There is some good news for you as you don’t need to do these things manually. Git LFS which is an open-source extension of git employs some workarounds to make your git experience with large files smoother. But how exactly does it do it?
How does Git LFS work?
Git LFS uses the lazy pull and fetch for downloading the files and their different versions. This means that these files and their history are not downloaded by default. The relevant version is only downloaded when you checkout a commit containing an LFS file. This method saves a lot of space and pull and fetch time. We are not going to the intricate details of how git-lfs works. If you are intent on learning more about it, you can refer to this blog by Atlassian.
Installing git-lfs on Ubuntu
For Debian and Arch-based systems, the git-lfs program can be downloaded from the official repositories.
# For Debian-based system sudo apt install git-lfs # For Arch-based system sudo pacman -S git-lfs
For other Linux distributions we can use the command for downloading git-lfs
curl -s https://packagecloud.io/install/repositories/github/git-lfs/script.deb.sh | sudo bash sudo apt-get install git-lfs
To activate git LFS use the command
# Activate git LFS git lfs install
You are all set to get going with git LFS.
How to use git lfs?
Git LFS works under the hood. In most cases, you won’t interface with git LFS directly. For example, the push, pull checkout commands are still handled using git. Though git-lfs does the job of downloading these LFS files on demand under the hood, you don’t actually need to worry about it’s working.
Probably the only thing you need to worry about is what files should be treated as LFS.
If you want to add a file to git and mark it as an LFS object, you need to use the track command. The track command tells the git-lfs which files are to be treated as LFS objects. To mark a new file as an LFS object, use the command:
# Mark a particular file as an LFS object git lfs track "<filename.extension>"
If you want to track a specific type of file as an LFS object, we can use the wildcards for doing so.

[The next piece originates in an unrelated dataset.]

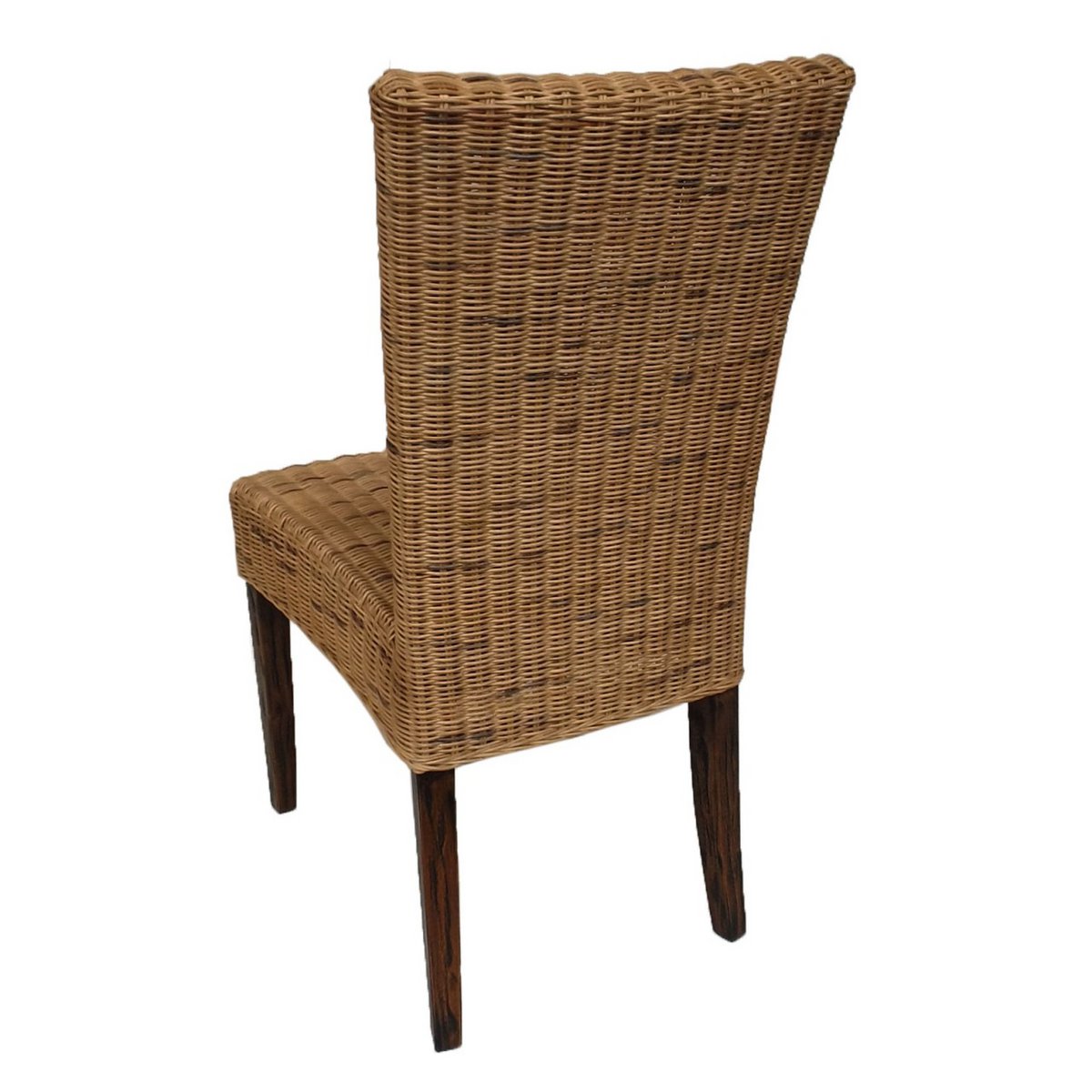 Eetkamerstoel Rattan Conservatorium Cocktool Stijlvol Bruin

Here is an example for marking all mp4 files in the current folder as LFS:
# Mark all mp4 files in the folder as LFS objects git lfs track "*.mp4"

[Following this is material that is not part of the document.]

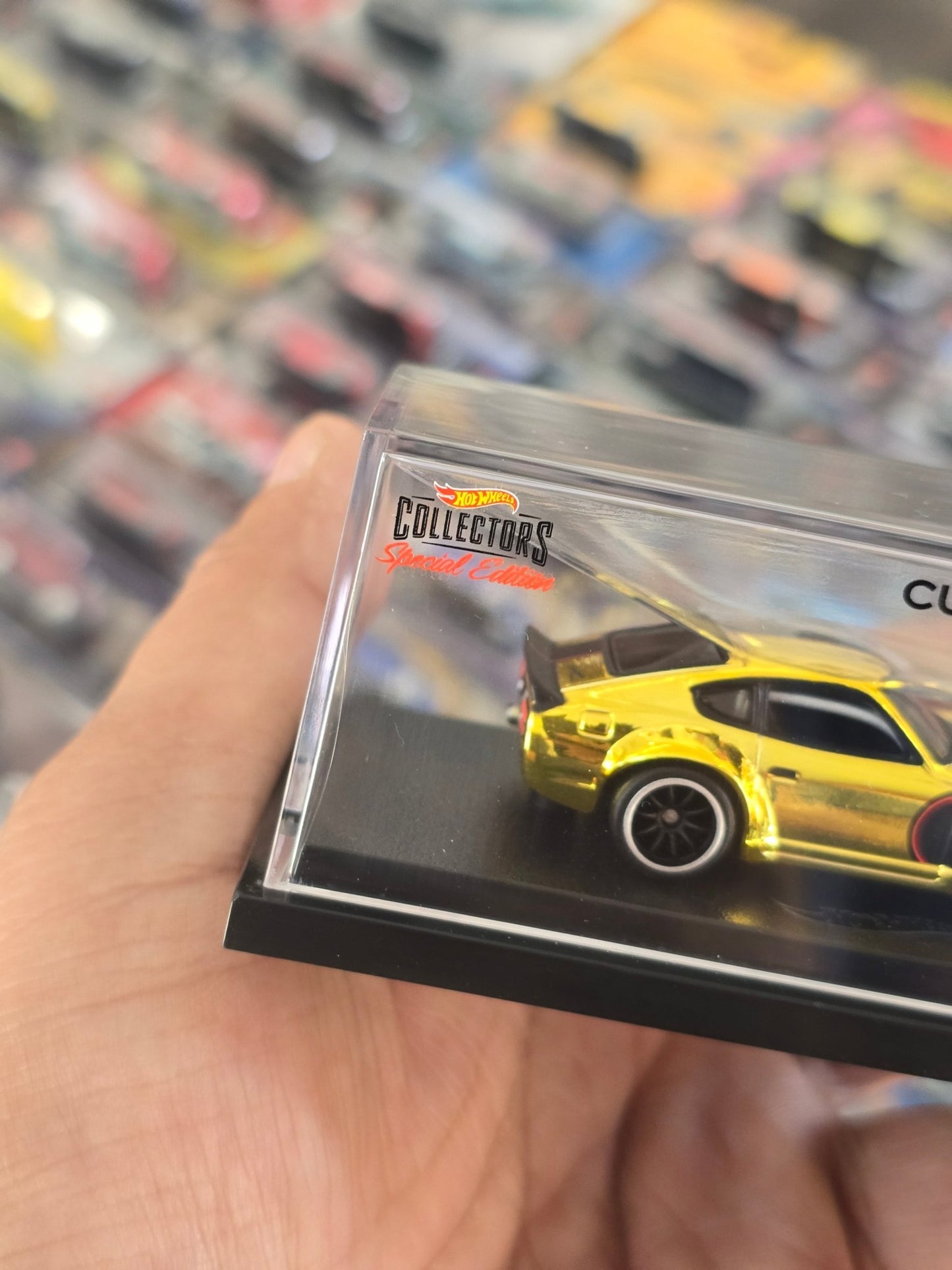 RLC Hot Wheels Custom 1972 Datsun 240Z - Kinder Logs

Similar to how git stores the files to ignored in .gitignore, git-lfs lists the name of the files to be tracked in a file called .gitattribute. This .gitattribute sets the LFS objects for the repository. Sharing the .gitattributes will ensure that all developers working on the same code can reuse the tracking list.
The above method will work only on the files that have not been tracked by git before. If you already have a repository with a large file system that is tracked by git, you need to migrate your files from git tracking to git-lfs tracking.
Using this method will reset history for the current branch to use git-lfs for those files. If you want to reset for all branches you can use the –everything flag, but it is absolutely not recommended.
# Migrate the files to be tracked under git-lfs git lfs migrate import --include="<files to be tracked>"
Git migrate rewrites a lot of git history, you might want to see the effect of the migrate command before actually migrating it. It can be done using by replacing import with info.
# A dry run showing the effects of migrate git lfs migrate info --include="<files to be tracked>"
Before we end this article, here are a few things that may seem trivial but are actually important when you are working with Git LFS:
- The LFS files are stored in the git LFS cache. These are not cleaned by default. To stop the repository from occupying an absurd amount of space after a point in time, you need to manually clean the cache using the command
git lfs prune.
- Make sure all the developers working on the repository has git LFS installed on their system. This is very important because otherwise git history may not match for different remotes and will result in weird-looking errors.
- Git migrate rewrites the history of the repository, make sure you fully understand its consequences before using it.